Y empieza en el hogar. Ahí no hay partidos políticos a quienes culpar, ni gobernadores de quienes quejarnos, ni narcos ni policías… existimos nosotros, manejando una red de castas laborales que nos exhibe ante los hijos. Y eso no es problema menor.
Recuerdo aquella triste anécdota de la señora que escuchó un ruido en casa y gritó: “¿Quién anda ahí?”, para recibir una frase terrible por sus implicaciones: “No es nadie, señora, solo soy yo”. Así se ven y así las vemos, así viven, a la sombra, siendo nadie, siendo un silencioso recurso para que la casa esté lista, limpia, a resguardo de los males que vienen de fuera.

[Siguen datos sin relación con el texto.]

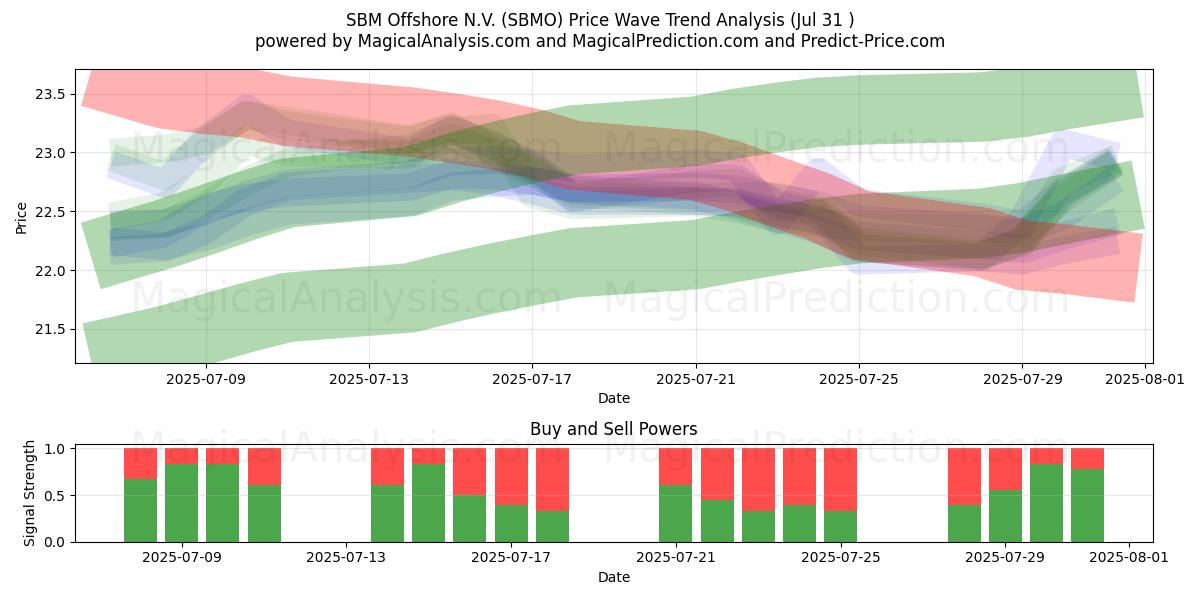  SBM Offshore N.V. (SBMO) Support and Resistance area (29 Jul)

Ya podríamos juzgarnos con la misma severidad que aplicamos a quienes se supone que deberían gobernar con ética y sentido común. Podríamos ver lo que pagamos, los servicios a los que esos trabajadores tienen derecho –como el derecho al descanso–; podríamos descubrir cómo somos vistos, qué tanto ejercemos la justicia, qué tanto sabemos siquiera cómo se llaman, si tienen un hijo enfermo en casa, si estudian, si saben leer; podríamos vernos en el espejo del poderoso que olvida para qué gobierna; podríamos explicar muchos de los vicios públicos que hoy tienen revuelta a nuestra sociedad. Todo eso ahí, no muy lejos de nuestras narices, tan preocupadas por derechos humanos en India o Pakistán.

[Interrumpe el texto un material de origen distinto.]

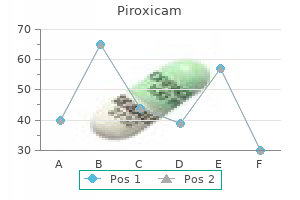 generic 20 mg piroxicam with visa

“No son la felicidad de la casa, pero si se van se la llevan”, acostumbramos decir para mostrar nuestra negada dependencia –dependencia, por otro lado, basada más en la comodidad que en la real necesidad–, pero ese es otro tema. Por qué no continuar la frase: ¿y si no se van?, ¿y si buscamos que no se vayan y que se queden por gusto y no solo por hambre?, ¿y si descubrimos su lugar en el mundo y les ayudamos a descubrirlo?, ¿y si les damos tiempo para ir a la escuela?, ¿y si las enseñamos a reconocer que tienen derechos humanos?, ¿y si las enseñamos a exigir a los gobiernos y a no callarse ante las injusticias?, ¿y si les enseñamos que su voto no vale una despensa o una cobija?, ¿y si…
Porque no todo el país lo gobierna Peña Nieto. En casa, a menos que tus hijos o tu pareja dispongan otra cosa, tú mandas. Ya podríamos empezar a cambiar el mundo ahí, donde el mundo está en nuestras manos.